Dentre as propostas legislativas mais perigosas encontra-se o Projeta de Emenda à Constituição (PEC) 215/2000 que visa alterar o texto constitucional para colocar sob responsabilidade do Poder Legislativo as demarcações de terras indígenas no país. O projeto prevê a autorização da esfera legislativa para se promover qualquer demarcação de terra, restringindo a ação administrativa do Poder Executivo. Com isso, todas as demarcações de terras indígenas e quilombolas passariam pelo crivo e aval dos parlamentares e cada demarcação exigiria a aprovação de uma lei específica.
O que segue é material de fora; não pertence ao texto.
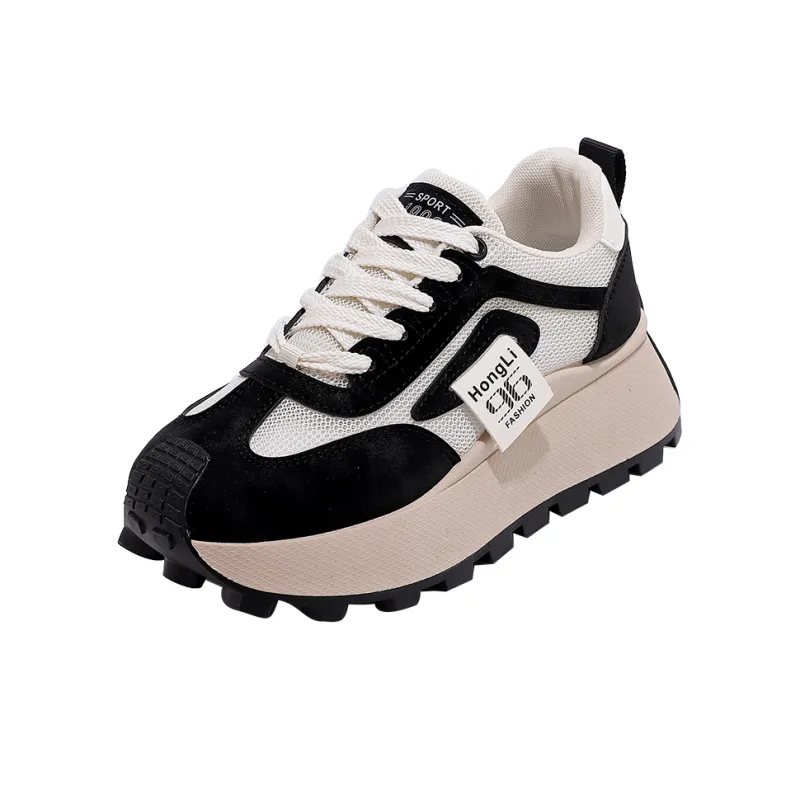 ZULISHI Low Top Casual Shoes Women's-5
Os direitos indígenas, assegurados na Lei Maior do país, estariam suscetíveis aos interesses políticos de ocasião.
Além disso, terras demarcadas ao longo de décadas poderiam ser revisadas, caso a PEC fosse aprovada. A proposta aprovada na Comissão Especial, que segue para o Plenário da Câmara dos Deputados, inclui dispositivos que viabilizariam o arrendamento das terras indígenas – que são bens da União – possibilitando a terceiros a exploração e a obtenção de lucros. Inclui-se ainda outro dispositivo que rompe com a autonomia e o protagonismo dos povos ao restituir a categorização de distintos “estágios de desenvolvimento” e ao apregoar a gradativa inserção dos “índios” na sociedade nacional. Tal dispositivo colide com o disposto no Artigo 231 da Carta Magna, que reconhece aos povos indígenas suas organizações sociais, seus costumes, línguas, crenças e tradições. A proposição sinaliza um retrocesso nas formas como se estabelecem as relações do Estado brasileiro para com os povos indígenas.
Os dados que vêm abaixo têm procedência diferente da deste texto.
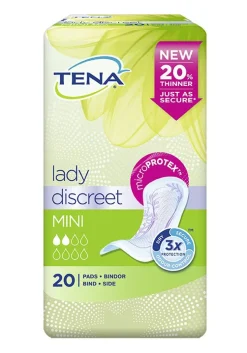 Lady Discreet Mini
Não bastassem os dispositivos inconstitucionais inseridos na PEC 215/2000, há ainda a incorporação das 19 condicionantes que o Supremo Tribunal Federal estabeleceu por ocasião do julgamento da ação popular que pretendia impugnar o procedimento de demarcação da terra Raposa Serra do Sol, em Roraima, o que, na prática, se constitui num grosseiro equívoco, uma vez que aquela decisão se restringiu à constitucionalidade da demarcação daquela terra e, portanto, não se vincularia aos procedimentos demarcatórios futuros, nem deveria ser generalizada e aplicada a outras.
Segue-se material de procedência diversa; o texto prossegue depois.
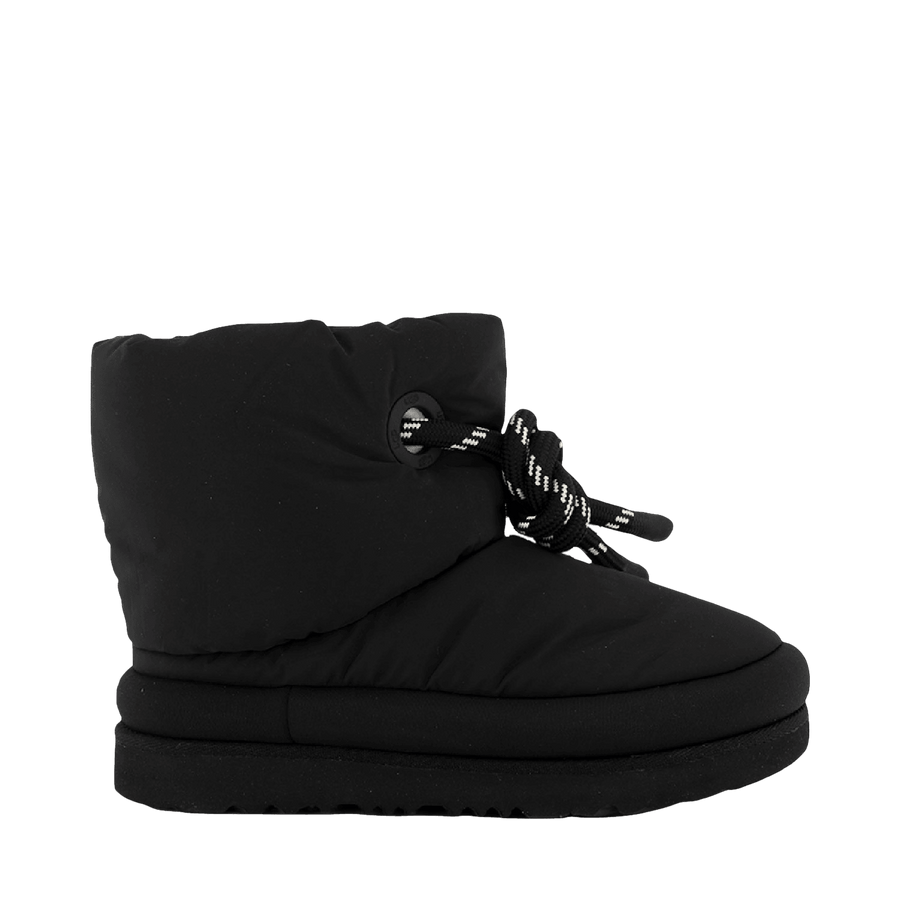UGG Kinder Meisjes Laarzen Zwart 32.5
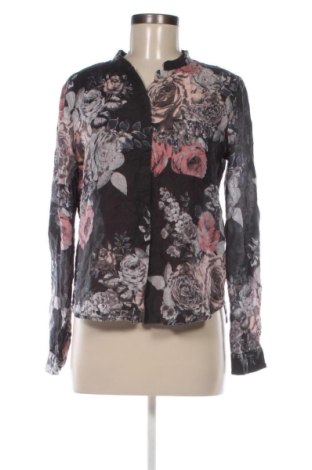 Γυναικείο πουκάμισο VILA, Μέγεθος M, Χρώμα Πολύχρωμο, Τιμή 8,99 €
A PEC 215/2000 também incorpora o que vem sendo denominado, no âmbito do Poder Judiciário, de marco temporal, tese sustentada no julgamento do caso Raposa Serra do Sol. Isso significa dizer que, se os povos ou comunidades indígenas não estivessem na posse da terra em 1988 ou não estivessem postulando a terra judicialmente ou em disputa física – o chamado renitente esbulho – eles perdem o direito à demarcação de áreas atualmente reivindicadas.
Esta interpretação é mais uma afronta aos direitos originários dos povos indígenas, pois ao impor esta tese descolada da história de resistência dos povos e comunidades indígenas, constitui-se uma grave contradição, impondo aos indígenas uma responsabilidade que não lhes competia antes da Constituição de 1988, qual seja, a de ingressarem em juízo, uma vez que eles eram tutelados pelo Estado. Atualmente, com o fim da tutela expressamente estabelecido em nossa lei maior, o Poder Judiciário não procede ao chamamento dos povos, quando da discussão de processos que lhes dizem respeito. Por isso, é necessário reafirmar que o entendimento dos ministros sobre o tema (renitente esbulho), no contexto da terra Raposa Serra do Sol, serviu para legitimar a demarcação, assegurando a posse indígena sobre terras onde se constituíram fazendas desde o início do século passado.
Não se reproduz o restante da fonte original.